**Exercise objective**. Copy each line of the following material that has the string "Necklace".

**Entries provided**.

···

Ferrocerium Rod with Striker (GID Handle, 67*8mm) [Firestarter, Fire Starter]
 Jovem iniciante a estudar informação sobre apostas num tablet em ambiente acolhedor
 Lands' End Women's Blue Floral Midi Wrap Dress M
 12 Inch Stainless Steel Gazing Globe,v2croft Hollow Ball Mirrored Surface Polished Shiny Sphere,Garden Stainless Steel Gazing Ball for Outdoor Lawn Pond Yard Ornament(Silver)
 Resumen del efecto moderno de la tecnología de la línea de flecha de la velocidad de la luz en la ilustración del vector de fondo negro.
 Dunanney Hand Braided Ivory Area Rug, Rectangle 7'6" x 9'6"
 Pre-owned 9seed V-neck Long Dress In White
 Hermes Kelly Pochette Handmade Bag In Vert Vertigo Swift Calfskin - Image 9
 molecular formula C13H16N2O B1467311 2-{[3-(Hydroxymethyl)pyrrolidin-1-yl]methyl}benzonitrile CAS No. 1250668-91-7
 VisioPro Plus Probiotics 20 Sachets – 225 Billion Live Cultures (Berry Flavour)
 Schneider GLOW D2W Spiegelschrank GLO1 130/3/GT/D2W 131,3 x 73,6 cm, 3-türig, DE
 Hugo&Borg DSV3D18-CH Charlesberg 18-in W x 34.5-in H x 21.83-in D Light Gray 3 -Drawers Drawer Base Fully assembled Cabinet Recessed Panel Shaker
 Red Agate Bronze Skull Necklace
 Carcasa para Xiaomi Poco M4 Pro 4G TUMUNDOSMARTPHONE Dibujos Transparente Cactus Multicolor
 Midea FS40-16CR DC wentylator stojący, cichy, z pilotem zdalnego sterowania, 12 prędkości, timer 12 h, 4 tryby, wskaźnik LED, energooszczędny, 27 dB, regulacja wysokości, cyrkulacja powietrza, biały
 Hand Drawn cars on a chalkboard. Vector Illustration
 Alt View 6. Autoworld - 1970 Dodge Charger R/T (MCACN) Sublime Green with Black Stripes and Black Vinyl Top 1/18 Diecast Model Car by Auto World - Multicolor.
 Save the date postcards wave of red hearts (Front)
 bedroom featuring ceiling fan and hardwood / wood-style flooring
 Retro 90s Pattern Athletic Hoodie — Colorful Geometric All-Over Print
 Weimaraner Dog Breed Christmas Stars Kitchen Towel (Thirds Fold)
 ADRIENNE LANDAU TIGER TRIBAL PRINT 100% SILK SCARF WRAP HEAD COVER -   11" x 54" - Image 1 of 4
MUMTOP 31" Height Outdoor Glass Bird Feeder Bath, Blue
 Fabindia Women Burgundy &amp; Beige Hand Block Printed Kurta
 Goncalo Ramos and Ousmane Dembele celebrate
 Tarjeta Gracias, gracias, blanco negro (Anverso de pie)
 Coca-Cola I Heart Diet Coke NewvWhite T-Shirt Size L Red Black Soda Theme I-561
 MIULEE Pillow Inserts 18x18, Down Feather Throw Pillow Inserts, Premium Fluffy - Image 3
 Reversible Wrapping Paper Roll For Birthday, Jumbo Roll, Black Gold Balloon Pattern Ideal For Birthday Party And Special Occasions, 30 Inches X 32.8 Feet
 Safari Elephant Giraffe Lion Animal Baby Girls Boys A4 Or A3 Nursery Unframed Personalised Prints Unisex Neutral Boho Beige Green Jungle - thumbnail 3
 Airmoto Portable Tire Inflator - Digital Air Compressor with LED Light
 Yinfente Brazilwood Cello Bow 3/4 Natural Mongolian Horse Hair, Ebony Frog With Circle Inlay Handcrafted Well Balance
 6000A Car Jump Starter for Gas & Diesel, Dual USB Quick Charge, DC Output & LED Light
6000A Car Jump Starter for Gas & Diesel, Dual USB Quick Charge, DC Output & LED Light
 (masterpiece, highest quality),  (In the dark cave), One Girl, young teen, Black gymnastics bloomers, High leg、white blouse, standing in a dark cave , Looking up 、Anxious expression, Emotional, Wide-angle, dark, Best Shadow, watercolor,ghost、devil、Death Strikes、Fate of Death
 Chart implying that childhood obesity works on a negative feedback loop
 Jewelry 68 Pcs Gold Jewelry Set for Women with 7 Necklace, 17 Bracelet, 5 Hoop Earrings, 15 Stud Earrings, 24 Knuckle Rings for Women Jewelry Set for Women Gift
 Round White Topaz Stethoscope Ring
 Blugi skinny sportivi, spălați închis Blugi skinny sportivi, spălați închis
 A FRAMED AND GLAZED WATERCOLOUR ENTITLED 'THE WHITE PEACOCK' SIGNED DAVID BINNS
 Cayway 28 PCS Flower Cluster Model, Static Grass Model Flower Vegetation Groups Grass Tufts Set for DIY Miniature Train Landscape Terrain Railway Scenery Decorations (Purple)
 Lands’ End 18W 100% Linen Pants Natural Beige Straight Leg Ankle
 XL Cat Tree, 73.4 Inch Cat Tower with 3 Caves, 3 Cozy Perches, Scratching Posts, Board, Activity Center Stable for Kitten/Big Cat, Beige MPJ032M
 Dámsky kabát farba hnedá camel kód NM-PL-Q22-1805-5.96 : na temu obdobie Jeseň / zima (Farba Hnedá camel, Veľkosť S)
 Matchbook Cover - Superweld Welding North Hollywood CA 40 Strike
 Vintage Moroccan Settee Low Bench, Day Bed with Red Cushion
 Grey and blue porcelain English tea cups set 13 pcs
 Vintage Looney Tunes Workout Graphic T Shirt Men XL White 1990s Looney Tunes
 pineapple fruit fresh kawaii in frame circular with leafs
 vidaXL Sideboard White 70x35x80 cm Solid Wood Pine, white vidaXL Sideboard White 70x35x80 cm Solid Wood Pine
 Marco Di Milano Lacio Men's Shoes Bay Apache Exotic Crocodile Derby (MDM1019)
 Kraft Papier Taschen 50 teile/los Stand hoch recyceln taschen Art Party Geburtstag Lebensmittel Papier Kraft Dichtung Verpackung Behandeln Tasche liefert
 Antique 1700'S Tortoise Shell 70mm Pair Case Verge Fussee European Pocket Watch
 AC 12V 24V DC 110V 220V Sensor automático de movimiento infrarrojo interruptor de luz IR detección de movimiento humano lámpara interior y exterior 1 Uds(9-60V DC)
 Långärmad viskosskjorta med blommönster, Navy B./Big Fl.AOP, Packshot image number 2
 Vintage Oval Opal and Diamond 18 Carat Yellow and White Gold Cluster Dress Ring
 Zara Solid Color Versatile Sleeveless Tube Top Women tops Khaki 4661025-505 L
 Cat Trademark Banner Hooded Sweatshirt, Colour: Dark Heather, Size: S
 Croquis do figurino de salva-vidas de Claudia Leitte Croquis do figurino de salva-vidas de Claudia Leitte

···

**Answer to this exercise**.
 Red Agate Bronze Skull Necklace
 Jewelry 68 Pcs Gold Jewelry Set for Women with 7 Necklace, 17 Bracelet, 5 Hoop Earrings, 15 Stud Earrings, 24 Knuckle Rings for Women Jewelry Set for Women Gift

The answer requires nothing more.